February 08, 2012 2012

We have had a number of calls and emails in recent weeks asking what impact the recent Weightwatchers case (which you will recall was a victory for HMRC to the tune of around £23m) will have or is having in how HMRC approach situations where workers are being paid as self employed.

We seem to be repeating ourselves quite often at the moment when responding to queries so we thought it would be a good idea to flag up some typical concerns/questions around employment status on the website for all to see, together with our informed response and comments.

Q1. Does the victory against Weightwatchers mean that HMRC will win every status case now ?

A: Definitely not !  Although this case has provided yet more important precedent for HMRC to use as ammunition in the courts in future cases, there will be many situations where the Weightwatchers judgement is not relevant or helpful and so  each case will still be judged on its own merits. That said though, those organisations that are run in a similar way to Weightwatchers should be fearing the worst just now !

Q2. Are advisors just scaremongering about the Weightwatchers case or should engagers of self employed workers REALLY be concerned ?

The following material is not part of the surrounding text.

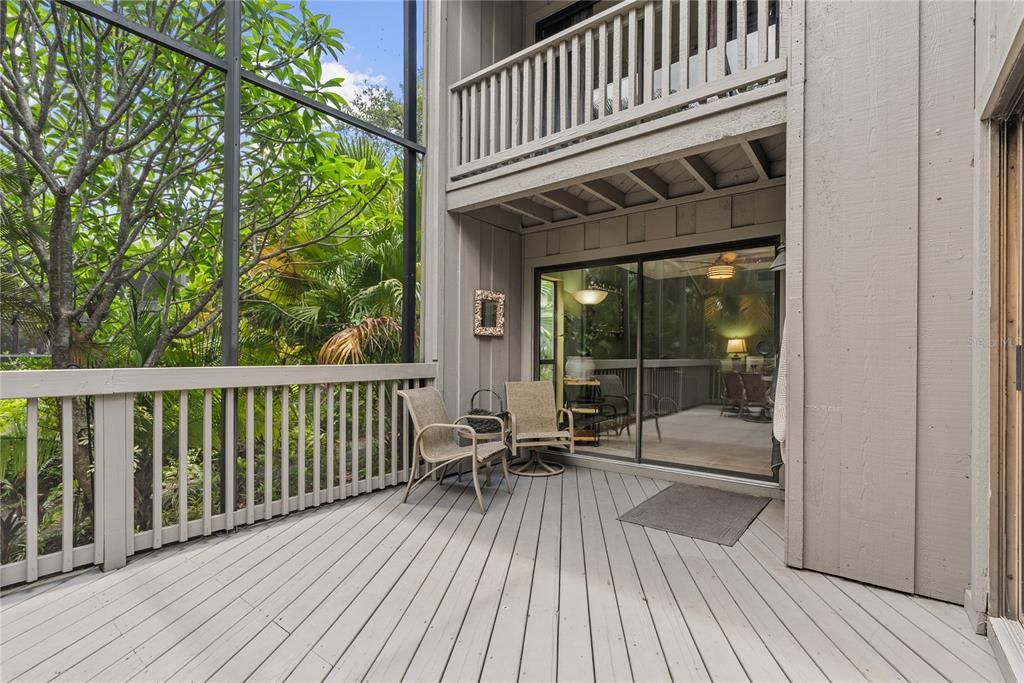 En Venta: $629,000 (3 camas, 2 baños, 2040 Pies cuadrados)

A: Aside from collecting a huge sum of money, the Weightwatchers victory is significant for HMRC as it demonstrates (yet again) that they WILL pursue cases where the self employed argument is weak no matter how long it takes or who the taxpayer is. We have said many times before, employment status is THE biggest risk area for PAYE compliance and so ALL businesses paying workers on a self employed basis should take note of this recent case and not be blind to the potentially significant risk that their business is exposed to in paying workers in this way.

Q3. Will HMRC come after every business paying workers gross now that they have won the Weightwatchers case ?

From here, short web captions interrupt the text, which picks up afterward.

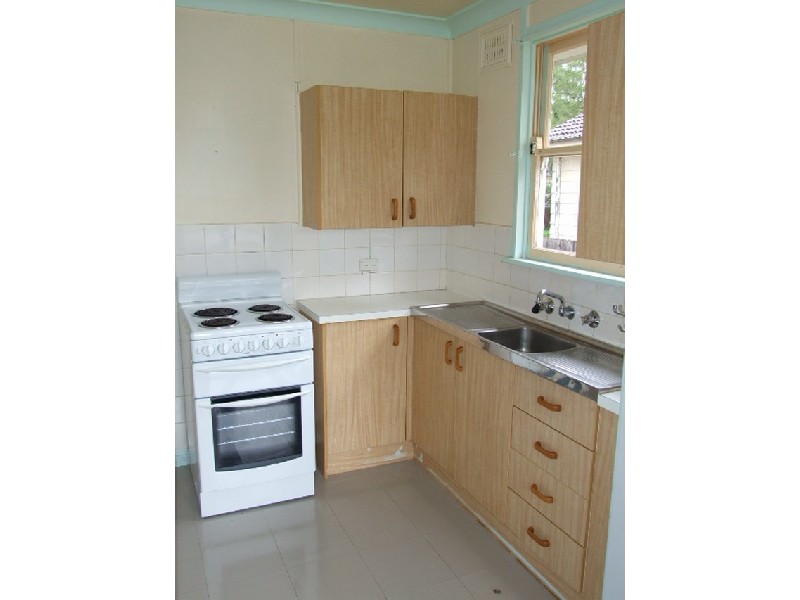 47 Marquesa Crescent, Lethbridge Park NSW 2770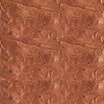 Original Brownie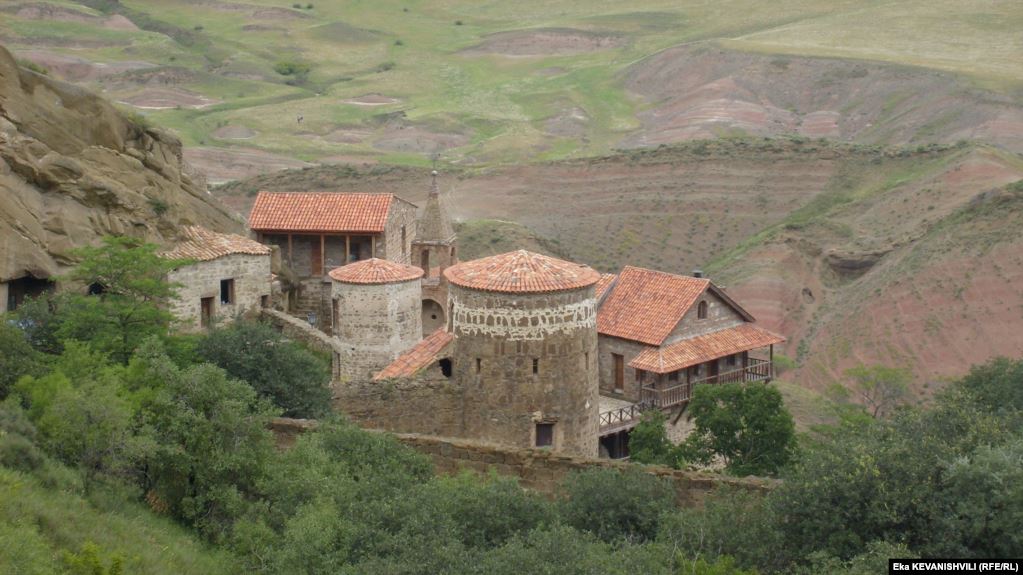 ბაქო თბილისს აფრთხილებს: “ნებისმიერი პროვოკაცია სახელმწიფო საზღვარზე მკაცრად იქნება აღკვეთილი”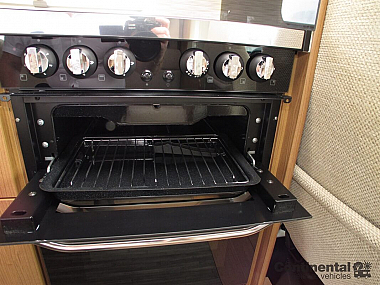  2014-autotrail-apache-700-for-sale-uc5860-27.jpg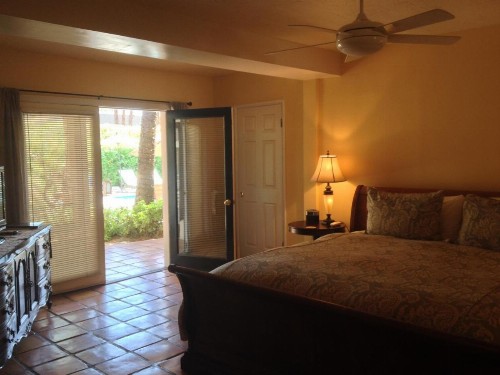 La Maison Hotel - image 38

A: No. For a start, it is not physically possible for HMRC to identify and pursue every business with self employed workers as they just do not have the resources to do so. But, more importantly, employment status has been a huge issue for as long as we can remember (which is a long time !!) and, in all honesty, the Weightwatchers case does not change anything at all. For many years, HMRC has had specialist teams targeting what they call "false self employments" and it has always been a major part of their tax compliance and collection strategy. Things will be no different going forward. Those businesses with regular self employed workers will be on HMRC's radar the same as they always have been.

Q4. Is HMRC only interested in large companies like Weightwatchers in tackling employment status ?

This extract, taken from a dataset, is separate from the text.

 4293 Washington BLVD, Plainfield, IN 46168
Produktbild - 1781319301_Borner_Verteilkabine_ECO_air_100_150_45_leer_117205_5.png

A: Absolutely not. For every large case that hits the headlines there are a dozen small businesses being challenged both in and out of the courts that do not come to most people's attention. HMRC's continued focus on IR35 is a very strong message that no business is too small for them to target. It's rich pickings for them whenever they get a result.

Q5. What was the main technical sticking point(s) in the Weightwatchers case to be aware of ?

A: The main crux of the case was that the level of control by Weightwatchers over how the work was done, and by whom, and the obligations on both sides to provide work and do the work were so great that the relationship was, to all intents and purposes one of employer and employee. Importantly, the "self employed" contracts in existence bore no resemblance to what actually happened in reality so the contracts were not useful evidence in this case. The key message we would stress again, therefore, is NOT to over rely on contractual terms. It is the actual working practices that are more important in tax law.

Q6. What next ?

A: It's business as usual as far as we are concerned. HMRC still focusing very much on identifying self employed workers who may be employees, lots of cases going through the courts and Optimum PAYE working with many clients in either proactively addressing the issue or in "firefighting" if HMRC have already mounted a challenge.